The date Oct. 8, 2005, didn’t have the feeling that it would be an historic day for the Chicago Bears, but upon further reflection, it has turned into that.
That’s because on this date, the Bears signed kicker Robbie Gould, who at the time was working at a construction job in his home state of Pennsylvania following brief preseason stints with the New England Patriots and Baltimore Ravens. He hadn’t exactly lit the world on fire during his college days, only making 16 out of 29 field goal attempts during his junior and senior years at Penn State University, but even still, the Bears took a chance on him when Doug Brien went down with an injury in Week 3 of the 2005 season.
Gould ended up with a solid season for the Bears that year, making 21 out of 27 field goals and going 19-of-20 in extra points, but that was just the beginning. Since then, Gould has gone on to be one of the most accurate kickers in NFL history, making 216 of his 251 field goal attempts, good for an 86.1 percent success rate. That is the third highest in NFL history, behind only Mike Vanderjagt and Nate Kaeding.
Gould also has gone from being a kicker who could only thrive on shorter kicks to a guy who can knock them through the uprights anywhere on the field. He didn’t make a single field goal of 50 yards or more until the 2009 season, when he set a new career high of 52 yards. Since then, his career high kick has gone up nearly every year, including this season when he booted a 58-yarder against the Cincinnati Bengals in Week 1, his eleventh straight 50-yard plus kick without a miss.
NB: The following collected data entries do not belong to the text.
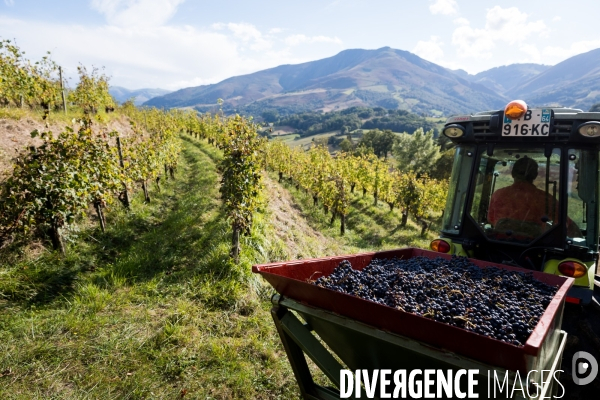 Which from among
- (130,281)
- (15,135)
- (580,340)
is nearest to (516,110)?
(580,340)

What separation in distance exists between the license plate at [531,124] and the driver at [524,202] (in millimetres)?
415

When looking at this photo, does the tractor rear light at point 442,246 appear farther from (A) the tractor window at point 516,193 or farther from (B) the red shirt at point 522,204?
(B) the red shirt at point 522,204

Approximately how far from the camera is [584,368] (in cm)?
294

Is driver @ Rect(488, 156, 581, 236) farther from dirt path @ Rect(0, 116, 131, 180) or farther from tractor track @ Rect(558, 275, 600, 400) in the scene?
dirt path @ Rect(0, 116, 131, 180)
Obviously, Gould holds a special place in Bears lore with his seemingly out-of-nowhere story, but the end of the line could be nearing for the veteran kicker. His contract, which at the time made him the highest paid kicker in the league (he is now fourth), will expire at the end of the season, and with the salary cap pinch that the Bears will be experiencing at the conclusion of the campaign, it is a definite possibility that they could let Gould walk as a free agent.
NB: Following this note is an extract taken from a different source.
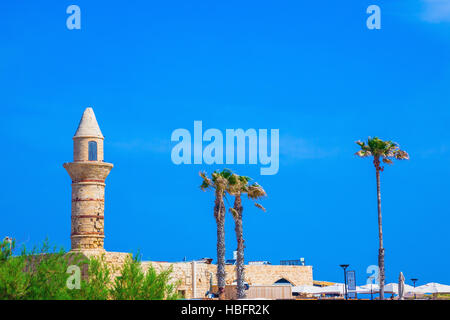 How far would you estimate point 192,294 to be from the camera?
1898 inches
In fact, Gould even said before the season started that he felt that he had all the power in the upcoming contract negotiations with the team. “I’m not too worried about it if they will re-sign me or not because I have all the leverage,” he said. “If they don’t want to re-sign me now it’s going to cost them double at the end of the year.”
Gould did end up backtracking from that statement, made on the first day of training camp in Bourbonnais, saying that he “wanted to be a Bear for life” and that he was only explaining the thought process players go through during contract negotiations.
Even still, his comments do remind fans that the Bears have a ton of free agents, like Jay Cutler, Devin Hester, Charles Tillman, Major Wright, and Corey Wootton, and that there will have to be some tough decisions made, and Gould’s eighth anniversary with the Bears could be his last.